Cutter’s Way

Honesty time. I miss a lot of films, most of them are the big movies everyone talks about, the one’s you rush out to see on Friday night and forget you saw only weeks later. Movies come and movies go, but these days I don’t go to the movies. So, it’s no surprise to me when someone mentions a recent film and I haven’t seen it, but usually I’ve heard of it. Yes, sometimes generic titles make every film sound similar, like faux movie titles from Seinfeld. I can’t keep two word titles straight to save my life. Was Intolerable Crueltyy the comedy or was that Cruel Intentions?

Cutter’s Way was made years before I refined my taste or before my budget refined it for me. How I never saw this film or barely recall its title ever being mentioned is beyond me. This booze soaked modern noir delivers one of the greatest crime stories of the 80’s. Based on a novel called Cutter and Bone, John Heard and Jeff Bridges star in the titular roles, respectively. Though Bone gets dropped from the film’s title, it is in essence his story that is being told. After his car breaks down and a discarded body is found near his abandoned ride Bone is suspected of murder. However, crippled, one-eyed, Vietnam vet Alex Cutter has another theory. He suspects that the real killer is a local industrialist. Knowing that no one will believe their wild accusations, Cutter decides to take the case into his own hands, piecing together clues and spinning a wild whiskey soaked web of paranoia. Bone gets caught up in Cutter’s schemes.

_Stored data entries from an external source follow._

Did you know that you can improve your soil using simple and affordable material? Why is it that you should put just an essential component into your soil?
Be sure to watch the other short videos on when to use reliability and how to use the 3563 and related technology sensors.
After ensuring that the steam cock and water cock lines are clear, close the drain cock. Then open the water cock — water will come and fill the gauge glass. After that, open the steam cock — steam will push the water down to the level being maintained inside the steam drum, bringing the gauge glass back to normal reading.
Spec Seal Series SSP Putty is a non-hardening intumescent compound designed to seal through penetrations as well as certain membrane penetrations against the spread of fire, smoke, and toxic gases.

Heard delivers an on edge performance, teetering between comical and scary. There is a sense of true inebriation in Cutter, with scatter shot lines sounding like buckshot firing from a loose canon. Credit certainly needs to be given to screenwriter, Jeffery Allen Fiskin, for providing Cutter with memorable non-sequiturs. Due credit need also be given to Heard for being able to transform such lines into gold. Acting is tough, acting drunk without making it seem like you are acting drunk is very tough. That he succeeds is something of a miracle. I do not mean to discredit Heard’s acting ability, but truly he takes his character down a road that could lead to genius or foolishness. Bridges on the other hand has a less difficult role. Wisely, he takes a back seat to Heard’s show stealing, but Bridges’ low-key performance is a personal best, with smirks and body gesture delivering true sentiment. I’m hesitant to give credit to Ivan Passer, the director, for particular acting choices. Having never seen another Passer directed picture nor recognizing a single title in his filmography, I am apt to believe he lucked into the good graces of two performers who just happened to be on the mark.

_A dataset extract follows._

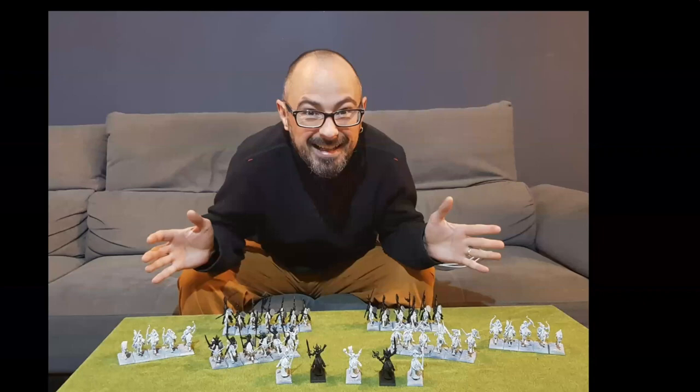The host is wowed by the full scope of the project and calls it an amazing achievement. Mariano notes that the upcoming unmounted characters will actually be easier since you can't really see the horse — just the bird or chainmail detail. The host wraps up, thanking Mariano warmly for showcasing his incredible work and dedication, expressing certainty the community will appreciate all the hard work.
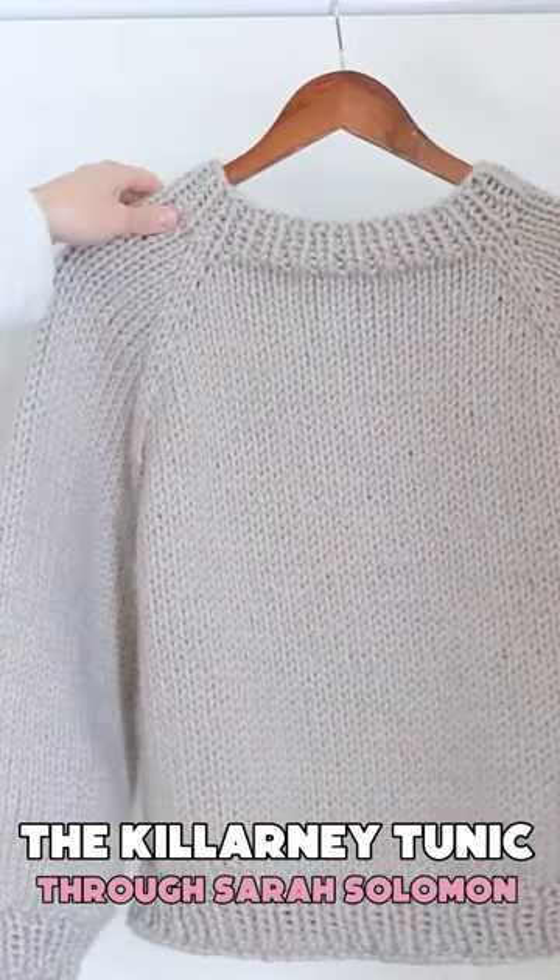The Killarney Tunic through Sarah Solomon. This outsized tunic is ideal for the sweater beginner.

As for the look and feel of the picture Passer may deserve more credit, or perhaps credit should go to Jordan Cronenweth, the film’s cinematographer. Looking more like Rolling Thunder and less like Blade Runner – two other substantial titles to Cronenweth’s credit, Cutter’s Way has a very interesting visual style composed of long takes that use the full scope of the widescreen space with characters moving in and out of warm pockets of natural lighting. It’s a rather odd choice for a film that gets referred to as a modern noir, to be so rooted in sunny waterside locations such as country clubs and marinas. The glamorous locations do hide the shadowy underworld of perversion and corruption that is so often thought of in black and white noir films. If anything, the bright, colorful scenery play against Cutter’s paranoid theories, making it hard to believe or want to believe that a place that looks like paradise could be shadow and corrupt.

Still, it is not hard to imagine that those in power commit crimes and get away with it. That’s a thought that has been around since the beginning of time. In this respect Cutter’s Way is nothing illuminating. The fact that the hope for justice lies in the head and one hand of whacked out Vietnam Vet who can’t be totally trusted is something new and it’s what make Cutter’s Way so unique and so entertaining. You have to become as paranoid as Cutter to go along with the film, at the same time Cutter is the last guy whom you’d want to go along with. Cutter’s way of doing things is anything but normal. It’s down right frightening because Cutter is at rope’s end and for the most part, we all like to think we aren’t that far down. We side with Bone. We understand his hesitancy to go along with Cutter’s plans. But, to do so let’s the bad guy get away.

It’s amazing that I missed this film, never even heard of it. Perhaps, I mistook it for Cannery Row. I certainly know better now. Still, you’d think I would have caught it on cable, had someone whispering in my ear telling me to see it, but for nearly 25 years I just plumb overlooked this gem and now I am feeling a little bit sorry. Cutter’s Way doesn’t top a lot of critical lists, nor does it exactly fall into the field of “cult classic”. It’s one of those oh-so rare cases when a Hollywood production produces the unexpected. It seemed to happen a lot more often in the 70’s, but this film proves that even up into the early 80’s and possibly today there are great films hidden in the cracks of Sunset Boulevard. It’s not enough to make me rush out to the theatres and make sure I don’t miss something, but it does give me pause to think of what other lesser known titles I may have passed on by.